## Data extracts:
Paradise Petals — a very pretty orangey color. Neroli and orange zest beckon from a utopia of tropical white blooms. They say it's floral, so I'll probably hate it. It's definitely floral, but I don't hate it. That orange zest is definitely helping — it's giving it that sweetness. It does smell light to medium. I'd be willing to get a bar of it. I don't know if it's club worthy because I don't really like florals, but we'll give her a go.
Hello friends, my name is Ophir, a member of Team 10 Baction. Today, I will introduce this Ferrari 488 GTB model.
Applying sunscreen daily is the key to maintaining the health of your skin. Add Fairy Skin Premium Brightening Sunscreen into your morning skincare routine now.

---

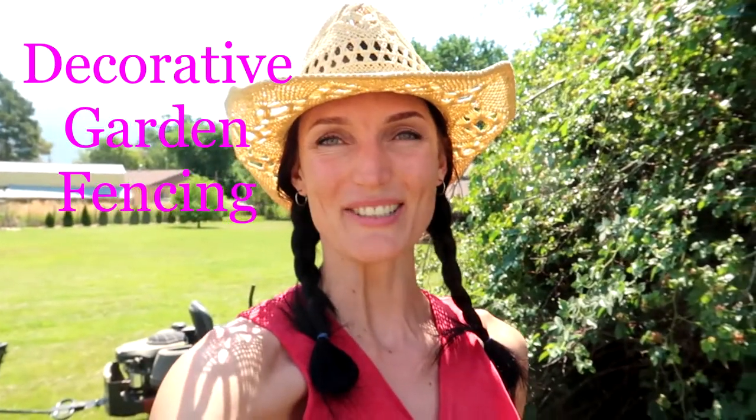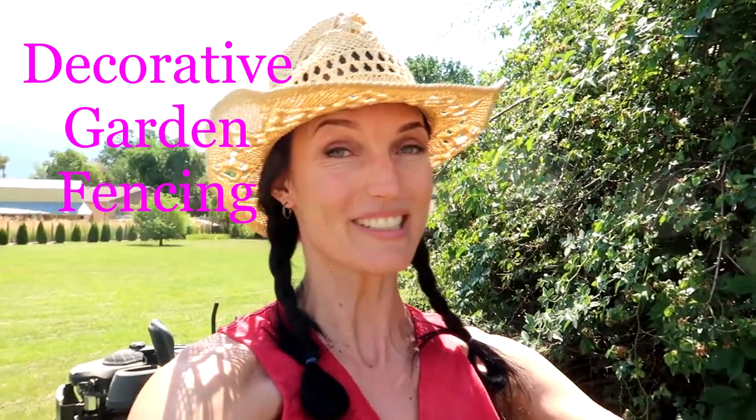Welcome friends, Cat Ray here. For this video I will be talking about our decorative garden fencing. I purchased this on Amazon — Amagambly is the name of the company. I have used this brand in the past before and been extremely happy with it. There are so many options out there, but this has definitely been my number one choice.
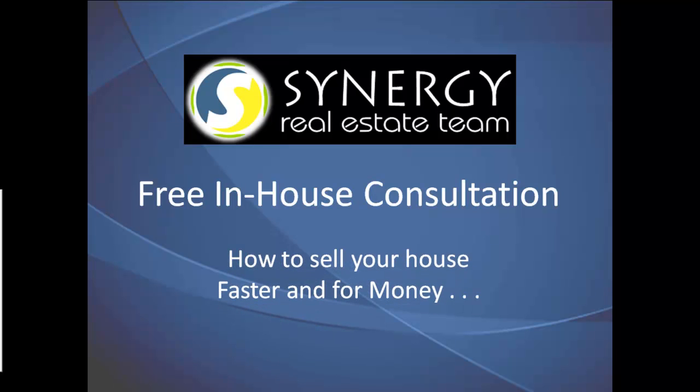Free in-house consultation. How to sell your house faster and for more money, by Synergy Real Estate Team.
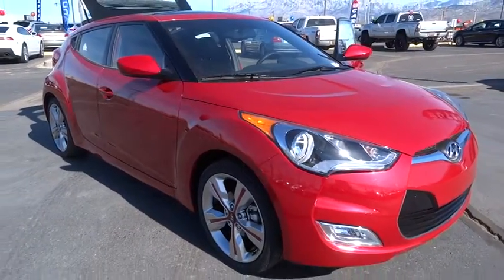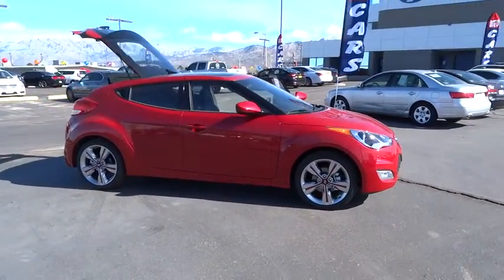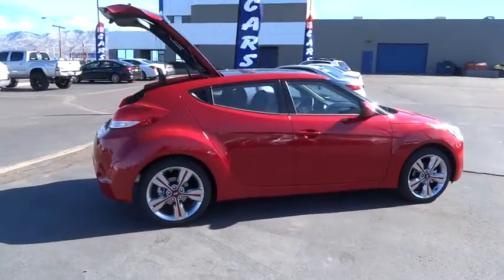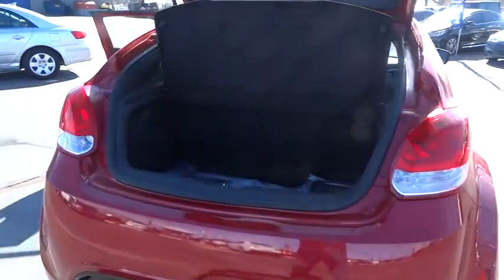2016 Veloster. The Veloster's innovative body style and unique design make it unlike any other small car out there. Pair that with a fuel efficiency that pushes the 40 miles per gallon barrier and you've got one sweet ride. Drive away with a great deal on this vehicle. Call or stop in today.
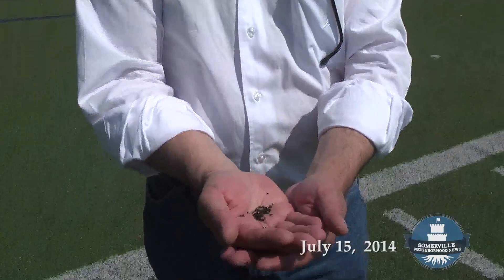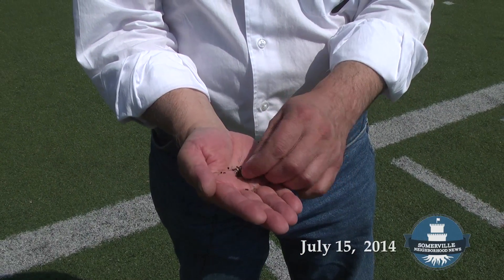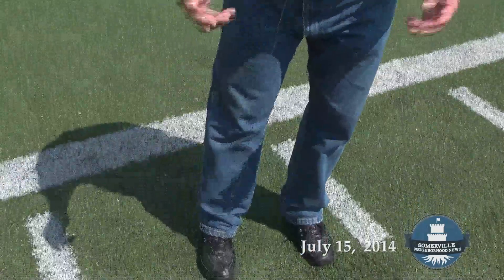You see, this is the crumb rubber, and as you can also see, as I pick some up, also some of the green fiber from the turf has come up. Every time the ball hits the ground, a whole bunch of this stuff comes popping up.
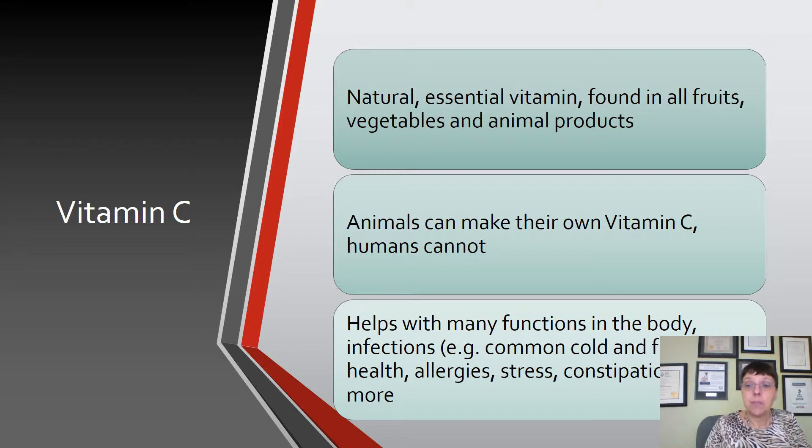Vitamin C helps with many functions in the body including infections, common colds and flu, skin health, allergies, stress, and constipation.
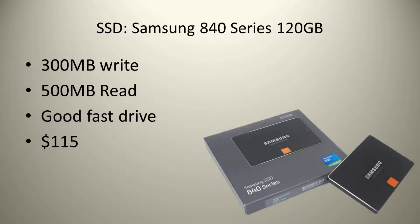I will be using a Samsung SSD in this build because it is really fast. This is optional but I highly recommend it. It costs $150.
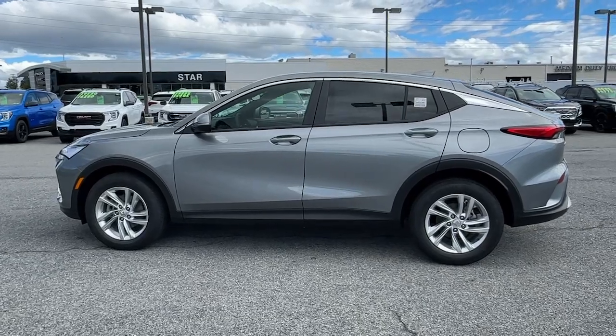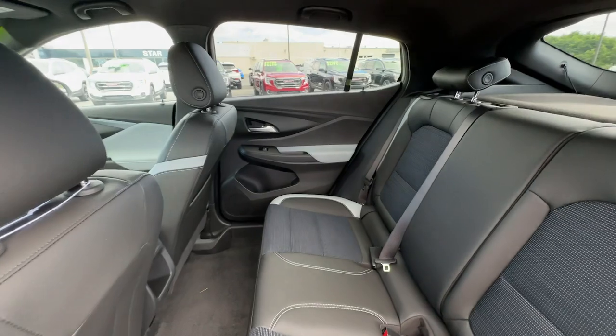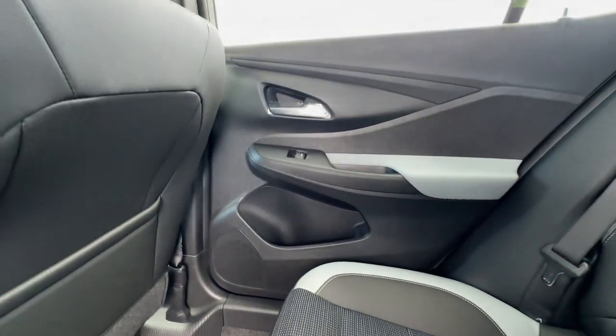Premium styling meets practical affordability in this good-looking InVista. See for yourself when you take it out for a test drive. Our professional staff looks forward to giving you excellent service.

==

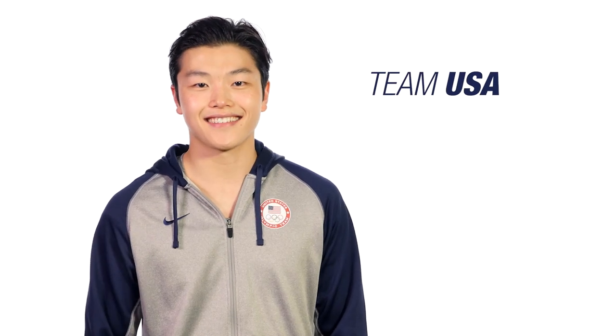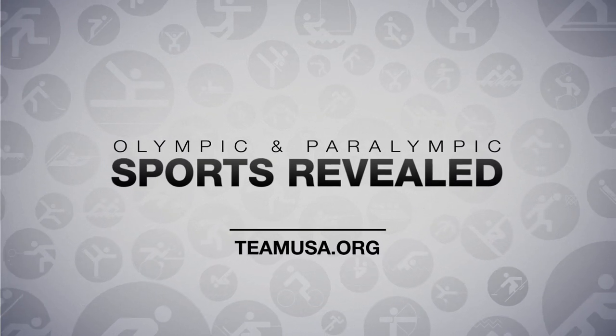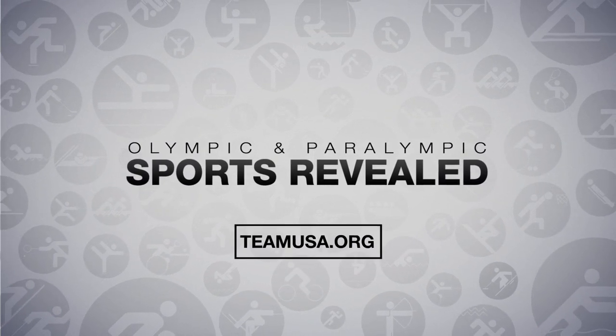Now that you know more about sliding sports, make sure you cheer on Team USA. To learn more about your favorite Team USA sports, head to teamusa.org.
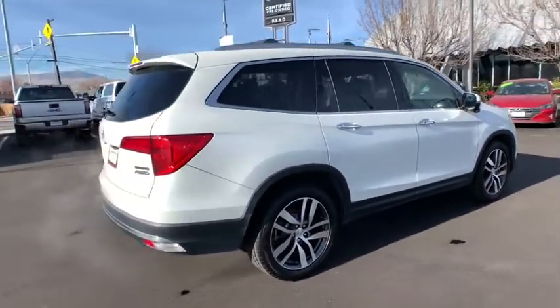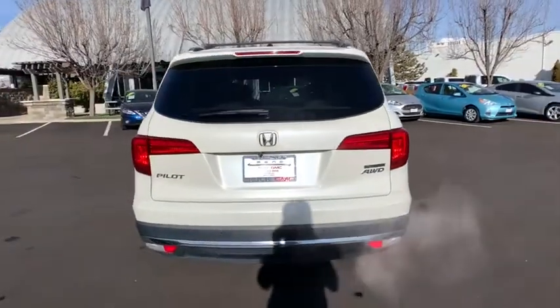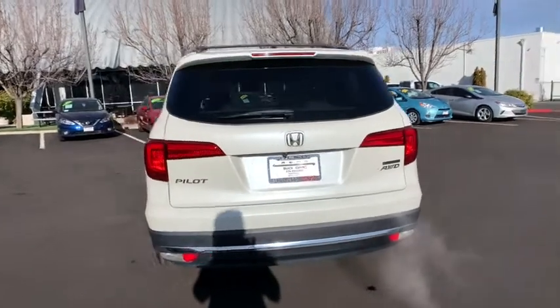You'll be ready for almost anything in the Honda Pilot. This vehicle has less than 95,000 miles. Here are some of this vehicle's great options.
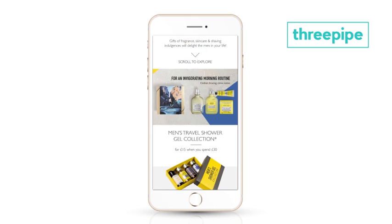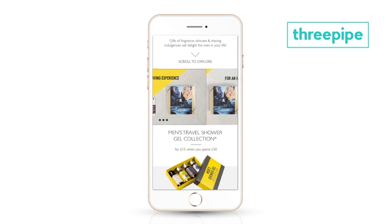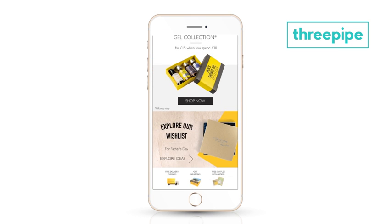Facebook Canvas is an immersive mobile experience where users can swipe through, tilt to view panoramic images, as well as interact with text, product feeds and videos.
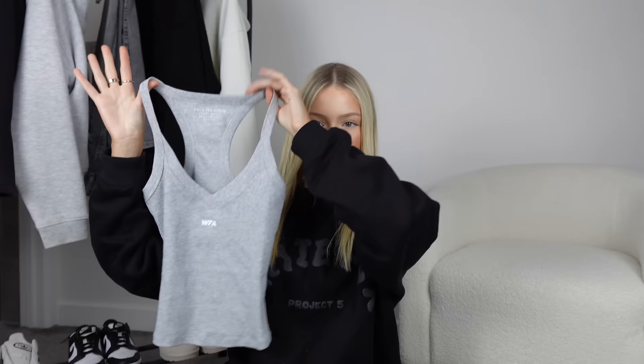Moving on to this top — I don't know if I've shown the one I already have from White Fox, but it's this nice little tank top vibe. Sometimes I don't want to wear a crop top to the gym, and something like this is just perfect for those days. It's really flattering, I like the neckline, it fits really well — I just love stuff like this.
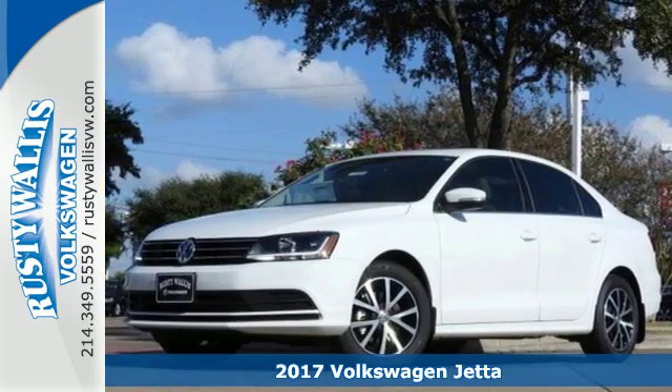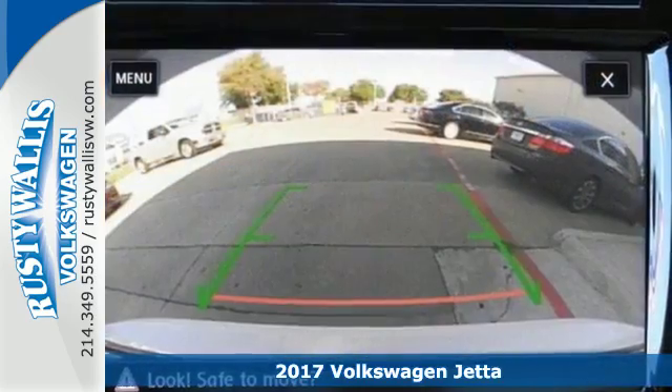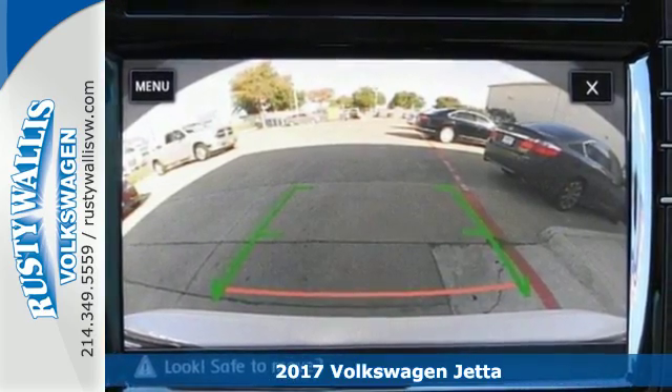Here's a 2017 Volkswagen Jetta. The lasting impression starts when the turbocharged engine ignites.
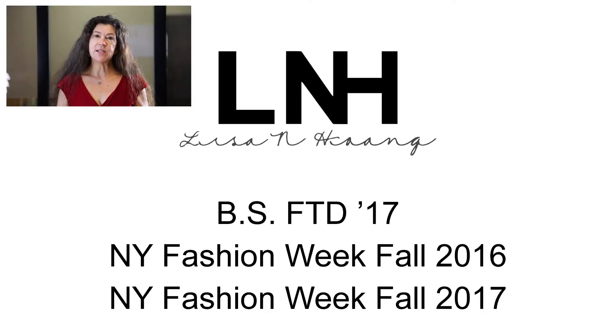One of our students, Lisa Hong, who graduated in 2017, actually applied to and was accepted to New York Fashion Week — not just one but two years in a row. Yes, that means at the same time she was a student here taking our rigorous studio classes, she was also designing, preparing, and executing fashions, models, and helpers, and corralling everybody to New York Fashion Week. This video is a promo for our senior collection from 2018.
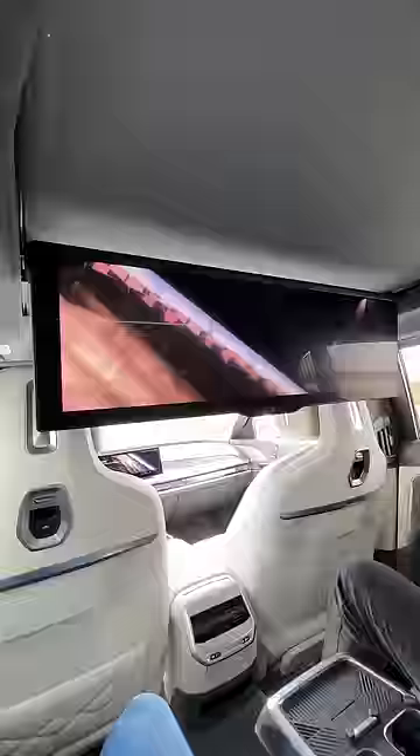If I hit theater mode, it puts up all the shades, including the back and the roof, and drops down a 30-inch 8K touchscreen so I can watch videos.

## Assignment:
Give back exactly the lines of the listing above from the one that contains "You see, this" up to and including the one that contains "Premium styling meets", but not the pictures, and no other lines.

## Solution to this task:
You see, this is the crumb rubber, and as you can also see, as I pick some up, also some of the green fiber from the turf has come up. Every time the ball hits the ground, a whole bunch of this stuff comes popping up.
Vitamin C helps with many functions in the body including infections, common colds and flu, skin health, allergies, stress, and constipation.
I will be using a Samsung SSD in this build because it is really fast. This is optional but I highly recommend it. It costs $150.
Premium styling meets practical affordability in this good-looking InVista. See for yourself when you take it out for a test drive. Our professional staff looks forward to giving you excellent service.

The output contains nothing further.